Q: Is gambling on news headlines the next big thing in crypto?

No question that prediction markets have been legitimized. So much so that we haven’t even seen the usual fear mongering from the mainstream media about crypto-powered assassination markets this time around! 

It would be great to keep the ball rolling for Polymarket, especially outside the context of betting on the US election. 

A prediction market for every news headline and pop culture event would go a long way for that, even if it would surely be tacky at times (remember betting on the fate of the Titan submersible?)

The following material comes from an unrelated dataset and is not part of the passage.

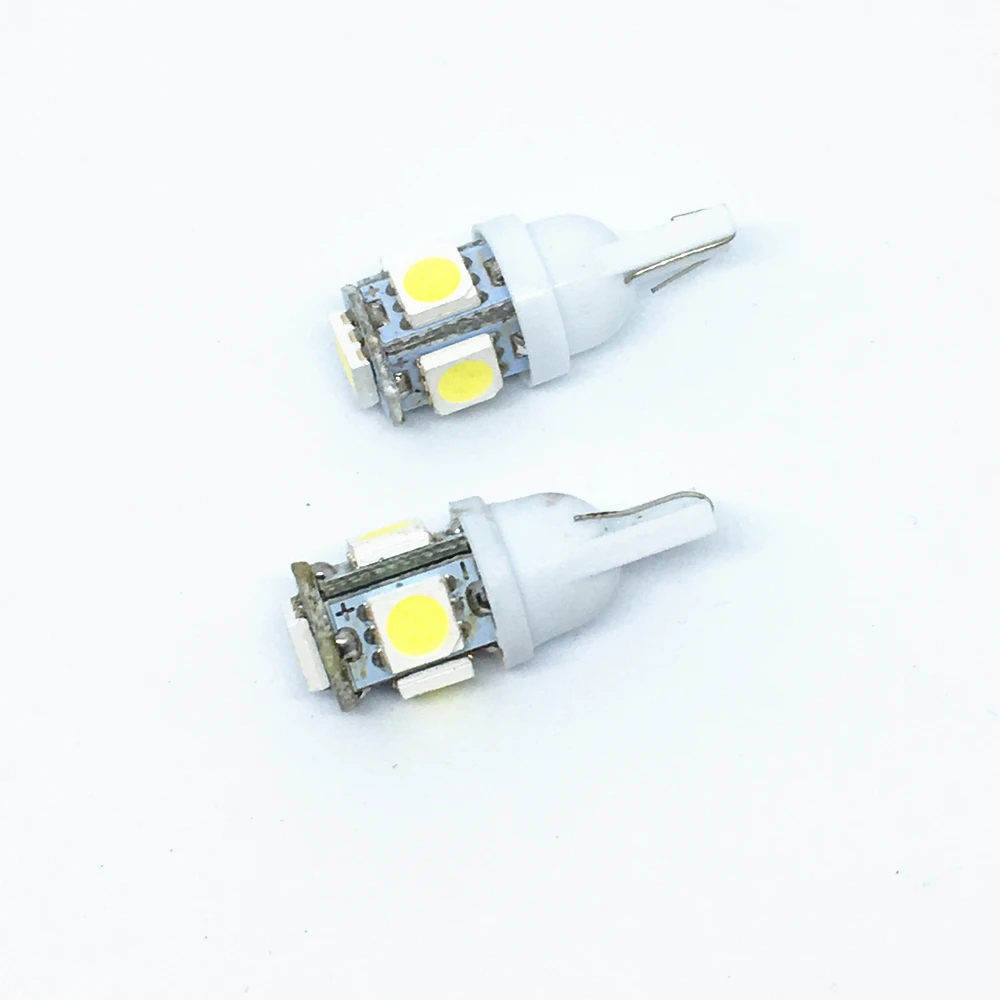 100X T10 светодиодный W5W 5050 лампы 5 SMD светодиодный белого и синего цвета красный желтый и зеленый цвета 194 168 супер яркий Клин лампочки лампы 12V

Gambling is one of the oldest use cases for crypto (and blockchain for that matter). Early versions of Bitcoin had even the sketches of an integrated, onchain poker game, included by Satoshi Nakamoto. Polymarket is just carrying the torch.

— David Canellis

I don’t know if I want to say it’s the “next big thing” but it’s definitely a use case. And, hell, it’s a good example of “put your money where your mouth is.”

I could see folks getting exhausted and burnt out (not to imagine spent) on trying to bet on the right outcome for big news events, but we haven’t quite gotten there yet.

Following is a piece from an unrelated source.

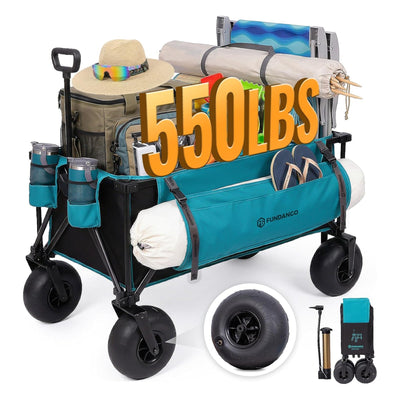 FUNDANGO WaveTrek L9 Large Beach Wagon with Big Balloon Wheels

We’re seeing markets for things like the topics Elon Musk and former President Donald Trump would hit on (which ended up a $5 million market) and whether or not Trump would tweet again before the election (spoiler alert: he did and there was nearly $830,000 on the line). 

Then there are non-political markets like who’s going to win the Super Bowl — $5.9 million has been bet so far, and the season hasn’t even started. Maybe there’ll be niche markets for reality TV shows like Love Island US, given that folks are already betting on Baby Bieber’s gender. 

I think there’s definitely a place for these markets, and it helps to build a bit of a community with financial stakes. But I’m wary of the human attention span post-TikTok. 

Gambling’s having its moment both in and out of crypto, though, so perhaps I’m wrong and this is one of the best use cases we’ll ever see for crypto.